Pelosi’s allies say the two-vote system that Democrats employ to pick their leader gives her a big advantage. If Democrats win the House, she would first need to win a secret ballot vote within the Democratic Caucus, but only by a simple majority – a much easier hurdle than securing 218 votes on the House floor.
Pelosi’s supporters predict she would easily win the caucus vote, especially if no one credible steps forward to challenge her, paving the way for most Democrats to publicly support her in a floor vote. (All Republicans undoubtedly would oppose her, so Pelosi would need the overwhelming majority of Democrats to put her over the top.)
“Leader Pelosi has always enjoyed the overwhelming support of House Democrats and that will continue into the majority she’s so focused on winning,” Drew Hammill, Pelosi’s spokesman said in a statement. “Democrats don’t let Republicans choose our leaders.”
So far, there’s been no retribution for the candidates who’ve snubbed Pelosi. DCCC Chairman Ben Ray Lujan said that the committee “trusts our candidates” on how to address Pelosi in their districts. The DCCC has reserved millions in TV ads for candidates who don’t support her.
Pelosi is one of the biggest – if not the biggest – drag on Democrats running for the House, according to some Democratic pollsters. Republicans have happily exploited that weakness, raining down Pelosi-themed TV ads on special election candidates in Georgia, Montana and Pennsylvania.
“With very few exceptions, the biggest hurdle, the biggest vulnerability for Democratic candidates is Nancy Pelosi, and the strongest card the Republicans can play is attaching a candidate to Pelosi,” said a Democratic pollster, who works with some House candidates who have disavowed Pelosi. The pollster, who was granted anonymity to discuss internal strategy, added: “Most of this is about mitigating and diluting the effectiveness of that attack.”
But the public polling on Pelosi’s effect on candidates is mixed. An ABC News/Washington Post poll in April found that 60 percent of voters don’t think a position on Pelosi is important to their congressional candidate choice, while an NBC/Wall Street Journal poll released earlier this month found that 45 percent of voters said they were less likely to support a House candidate if they backed the leader.
Democrats often point to Lamb, who won a special election in southwestern Pennsylvania in March, as the blueprint for addressing the Pelosi problem.
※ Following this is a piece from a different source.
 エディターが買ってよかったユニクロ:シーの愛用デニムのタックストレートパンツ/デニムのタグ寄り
Lamb weathered $10 million in Republican attack ads casting him as a stooge of the Democratic leader. Lamb responded with a TV ad of him speaking directly into the camera and calling the attacks “a big lie. I’ve already said on the front page of the newspaper that I don’t support Nancy Pelosi.”
O’Connor, another special election candidate in Ohio, released his first TV ad earlier this month mirroring Lamb’s message. He called for "new leadership on the Democratic side of things, too."
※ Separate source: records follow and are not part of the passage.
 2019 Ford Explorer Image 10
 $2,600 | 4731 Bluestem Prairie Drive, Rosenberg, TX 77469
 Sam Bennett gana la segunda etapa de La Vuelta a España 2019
Some Republicans acknowledge that rejecting Pelosi might blunt the GOP’s attacks. “It worked for Conor Lamb, didn’t it?” said former Rep. Tom Davis, who led the National Republican Campaign Committee. “It took the most potent issue in that race and turned it on its head.”
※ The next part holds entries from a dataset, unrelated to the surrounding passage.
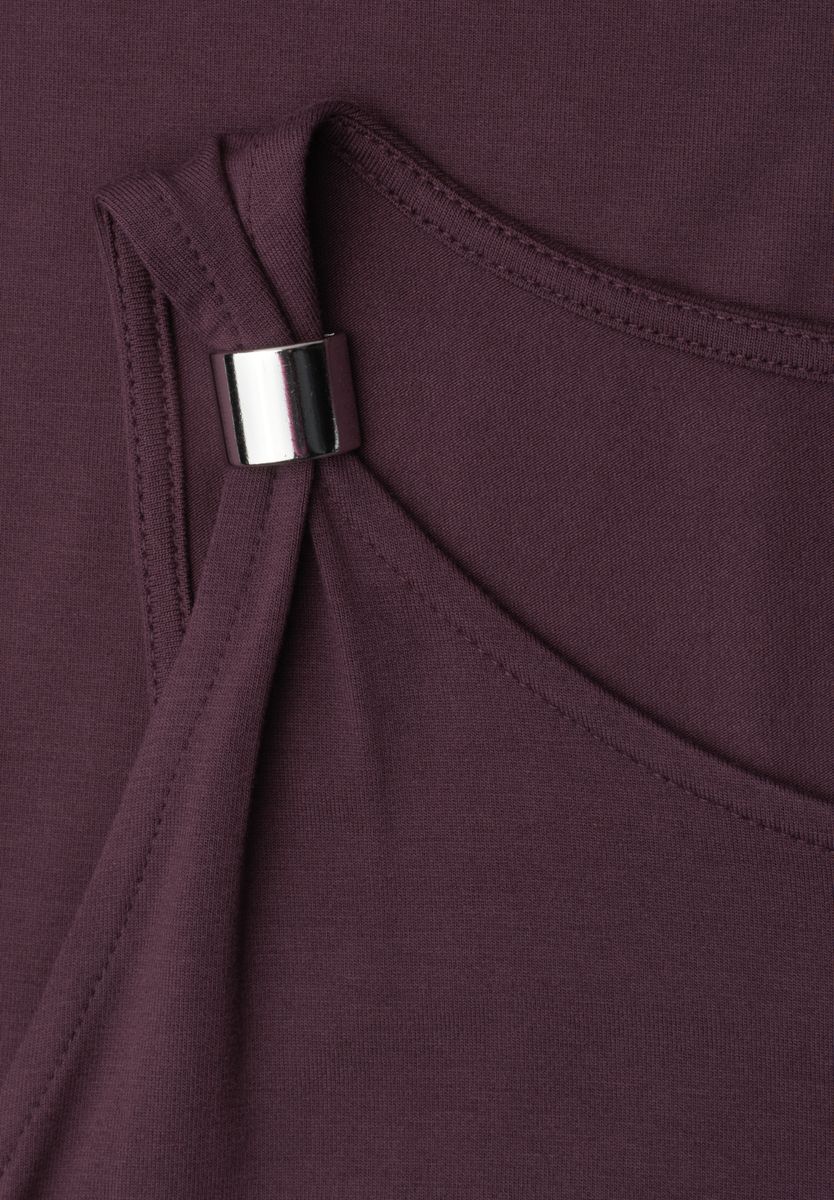 Knielanges Kleid mit Schnallendetail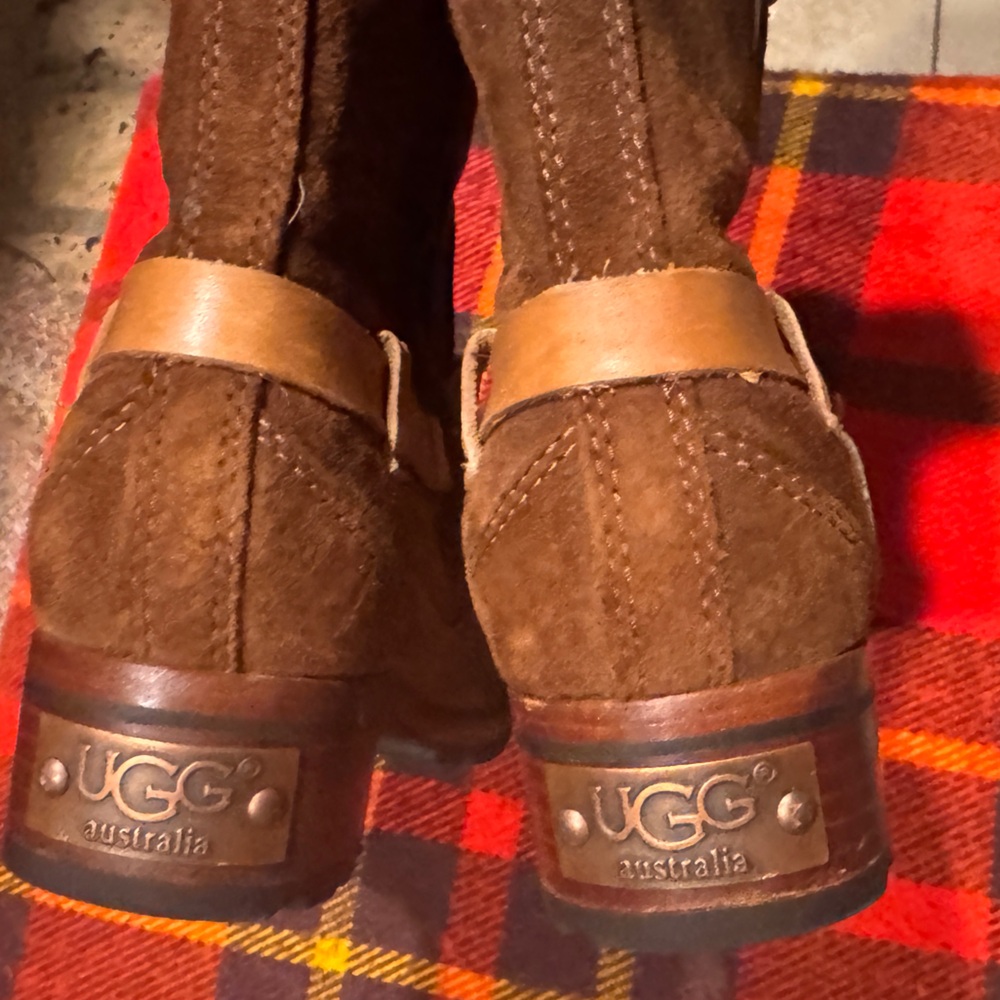 UGG Endell Brown suede side zipper calf Boots 6womens - Picture 2 of 8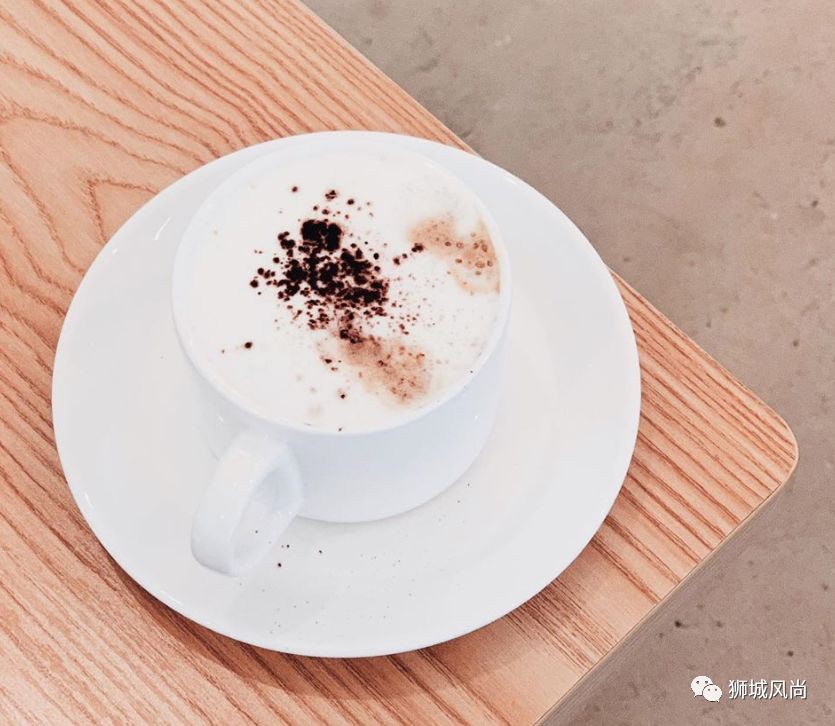 Grillhood Café, serving grilled food in the neighburhood!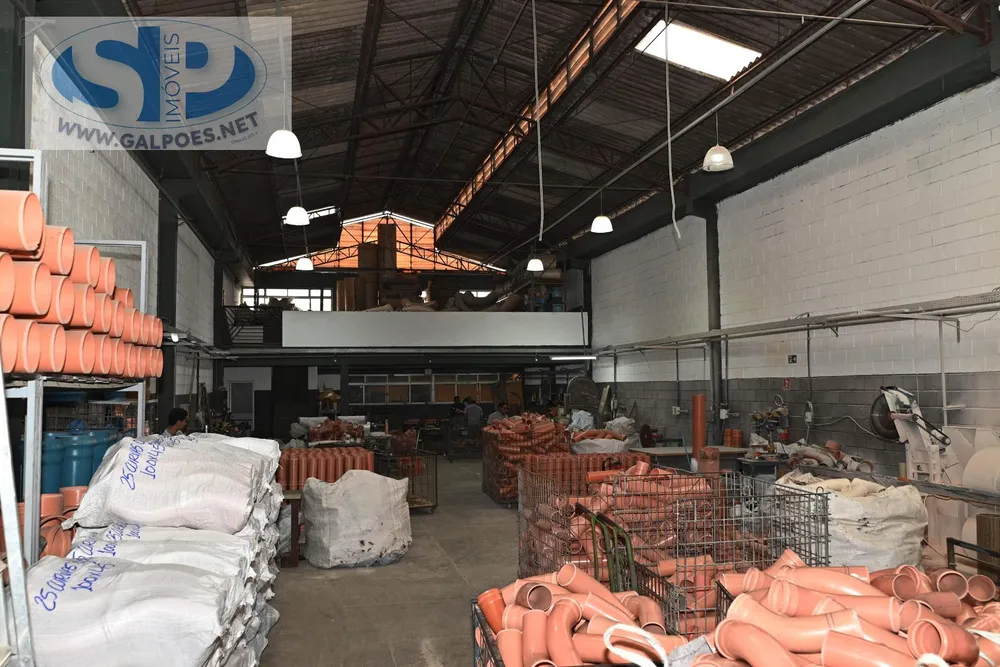 Depósito-Galpão, 595 m² - Foto 1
But National Republican Congressional Campaign spokesman Jesse Hunt said that these candidates "support the same policies she does and welcome her financial support – even the best candidates won’t be able to dance around those facts."
And the trend is having another effect: emboldening current House Democrats, many of whom say privately they’ve long thought it was time for new leadership, or at least a conversation about succession, but feared they’d be punished for speaking out.
Rep. Brian Higgins (D-N.Y.) last week joined a small group of House Democrats who have publicly said they would not support her in November.
“I have members who have come up to me since [the story broke] and said, ‘I’ve got to do this.’ By me taking a kind of aggressive approach, I create some space, I guess, for those members,” Higgins said in an interview. “I have one vote and I have one voice but so does everybody else.”